Em setembro de 1942, a Companhia Industrial Amazonense, criada especialmente para comercializar a produção da Vila Amazônia e das colônias agregadas, foi desapropriada pelo governo brasileiro. Desses tempos, Shoji se lembra do dia em que apanhou de um policial com uma tira de couro de peixeboi. “Eu não entendia por que os soldados não gostavam de japonês, né?”
Uyetsuka, o visionário
Entre os anos de 1927, quando assumiu a “Concessão de Terras”, e 1978, quando faleceu, Tsukasa Uyetsuka foi o nome mais citado quando se tratava de emigração japonesa na Amazônia. Nesse período, ele assumiu cargos como o de deputado e o de viceministro da Fazenda. Considerado um visionário, tinha como seu grande projeto instalar uma colônia no Amazonas com dez mil famílias.

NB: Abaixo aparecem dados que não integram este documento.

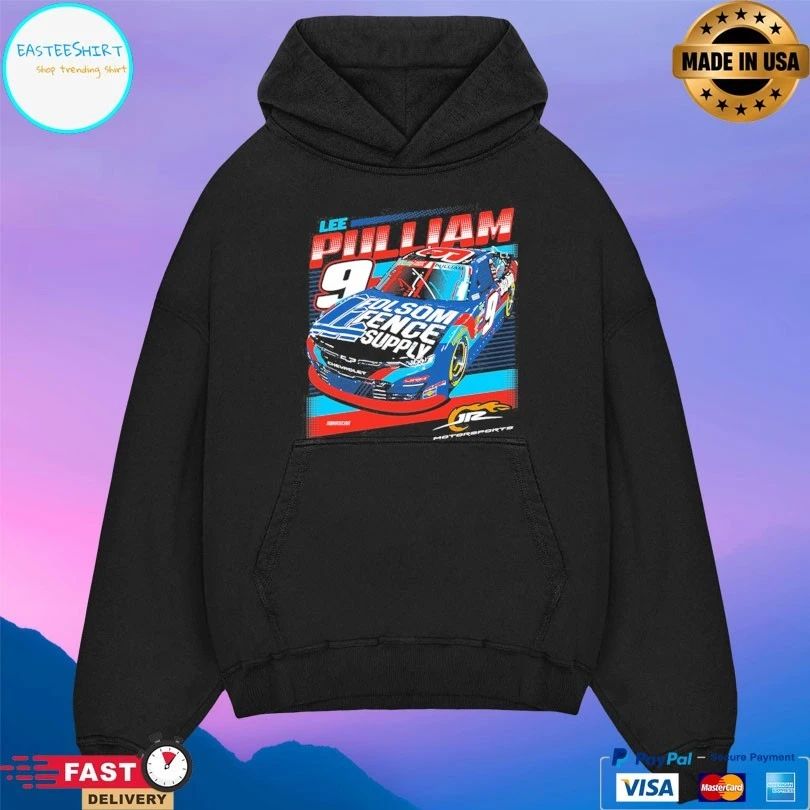 Lee Pulliam Jr Motorsports Official Team Apparel Black Folsom Fence Supply T-shirts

Veio ao País várias vezes participar da escolha das terras e acompanhar de perto o desenvolvimento de todo o processo. Foi ele também quem criou a Escola Superior de Emigração e a Companhia Industrial Amazonense para gerenciar e comercializar os produtos do projeto.

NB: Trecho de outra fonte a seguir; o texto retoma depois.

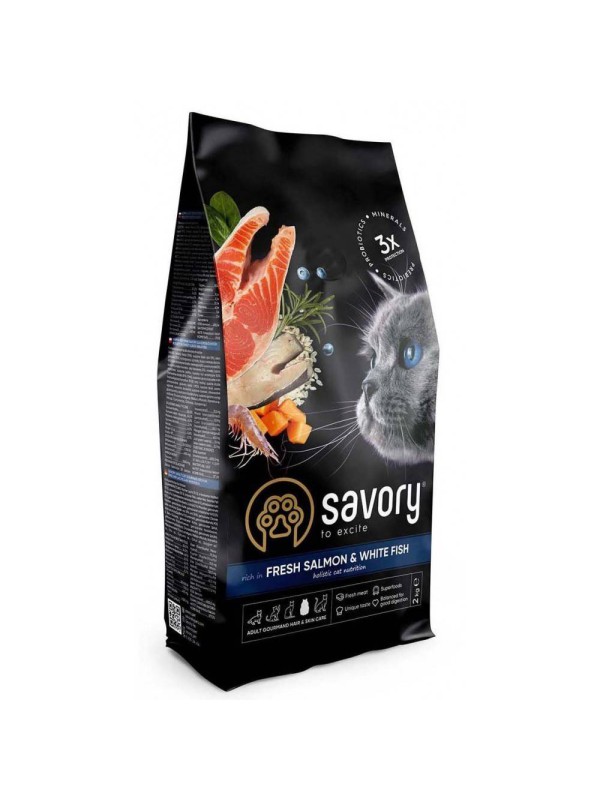 Savory Adult Cat Salmon & White Fish для котів з лососем 400 г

No período pós-guerra, Tsukasa Uyetsuka veio pessoalmente conversar com o então presidente, Getúlio Vargas, sobre a retomada do projeto de imigração e a construção de uma fábrica para a fiação da juta, a Tecejuta. Seu ideal era transformar a relação entre japoneses e a Amazônia em um empreendimento de sucesso internacional, fazendo do Brasil um dos maiores produtores mundiais de juta.

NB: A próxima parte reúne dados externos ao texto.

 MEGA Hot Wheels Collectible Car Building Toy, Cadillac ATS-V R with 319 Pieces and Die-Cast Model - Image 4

Apesar de décadas de dedicação pessoal, a história escolheu rumos diferentes de seus planos. Mesmo assim, Uyetsuka é até hoje reverenciado como o grande incentivador do desenvolvimento do Amazonas.
Muitos desses imigrantes perderam seus bens. Outros se separaram da família. Da Vila Amazônia, cujos bens foram leiloados em 1946 como espólio de guerra, restam hoje algumas ruínas e o cemitério, onde muitos koutakuseis estão enterrados. Tsukasa Uyetsuka ainda tentou, durante a década de 50, retomar os planos e entrou em acordo com o então presidente do Brasil, Getúlio Vargas, para a construção de uma fábrica de fiação de juta. No entanto, a morte de Vargas, em 1954, pôs fim a mais essa tentativa. Aos 250 estudantes que vieram ao Amazonas pelo projeto, restou deixar para trás os planos estabelecidos e aprender a trilhar sozinhos os seus caminhos.
Como se fizesse um balanço de sua própria vida, Shoji conclui que, apesar de todas as dificuldades, estava correto quando decidiu onde seus olhos rasgados veriam seus filhos crescer. Sentado em uma cadeira de trançado azul, enquanto dois cães brincam atrás da grade que nos deixa ver um quintal com palmeiras, Shoji mira o céu e busca palavras já prontas. Porque já sabe o que quer dizer, já sabe o que sente: “Eu sempre achei que a Amazônia fosse mesmo a minha terra.”